Mr. Konstantinos says the renewable-energy sector could also get a boost if Mr. Biden wins, adding that a Democratic sweep would likely “be negative for Big Oil, positive for wind, solar, electric vehicles and biofuels.”
Another sector that could benefit is infrastructure, given that government – regardless of who wins the election – is expected to spend more on roads and buildings to get people and businesses back to work after the pandemic, Mr. Konstantinos notes.
“It’s a decent play regardless,” he says.
For advanced do-it-yourself investors who feel the market will fall, Mr. De Goey suggests the Horizons BetaPro S&P 500 Daily Inverse ETF (HIU-T). It has an MER of 1.4 per cent, AUM of $50.9-million and a one-year loss of 18.3 per cent.
HIU is for investors who “want to take a position that you’re bearish on the market and want to profit from things going down,” he says. It resets daily and aims to do the opposite of the daily performance of the S&P 500.
“The idea is that the product will go up when markets go down,” Mr.
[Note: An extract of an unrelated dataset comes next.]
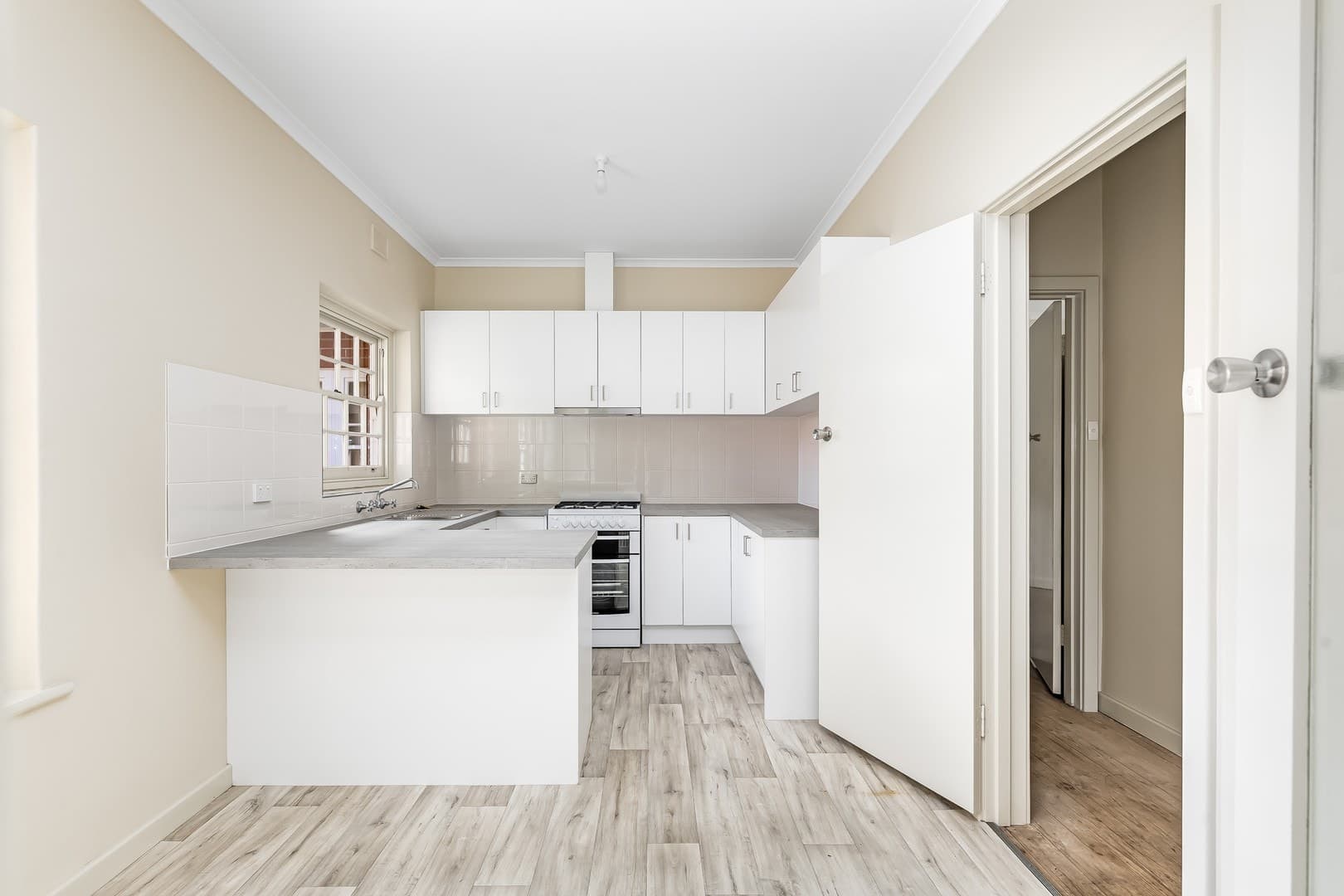 3/21 High StreetGlenelg, SA 5045, Glenelg - Thumbnail 5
De Goey says.
Dan Bortolotti, portfolio manager with PWL Capital Inc., says investors shouldn’t attempt to reposition their portfolio in the hopes of predicting the election outcome. Mr. Trump wasn’t expected to win in 2016, and the assumptions of what would happen if he did “were all wrong,” he says.
“Investing with that kind of big-picture strategy is futile,” Mr. Bortolotti says. “There are so many inherent assumptions in that, and many of them don’t hold up to scrutiny.”
Mr. Bortolotti recommends investors have exposure to the broad U.S. market as part of a long-term investment strategy. Two funds he says fit this description are the iShares Core S&P U.S. Total Market ETF (XUU-T) or the Vanguard U.S. Total Market ETF (VUN-T). XUU has an MER of 0.07 per cent, AUM of $1.2-billion and a one-year return of 13.2 per cent. VUN has an MER of 0.16 per cent, AUM of $2.5-billion and a one-year return of 14.1 per cent.
Overall, Mr. Bortolotti believes investors are better off having a diversified portfolio, staying disciplined and rebalancing as necessary. “Over the long run, it usually works,” he says.
Mr. Konstantinos says investors need to beware of “prevailing wisdom” when it comes to what might happen with the U.S. election because it might not come to pass.
“Over the long term, politics aren’t as much a driver of corporate earnings as people think they are,” he says, adding that good companies are able to succeed regardless of which party is in power.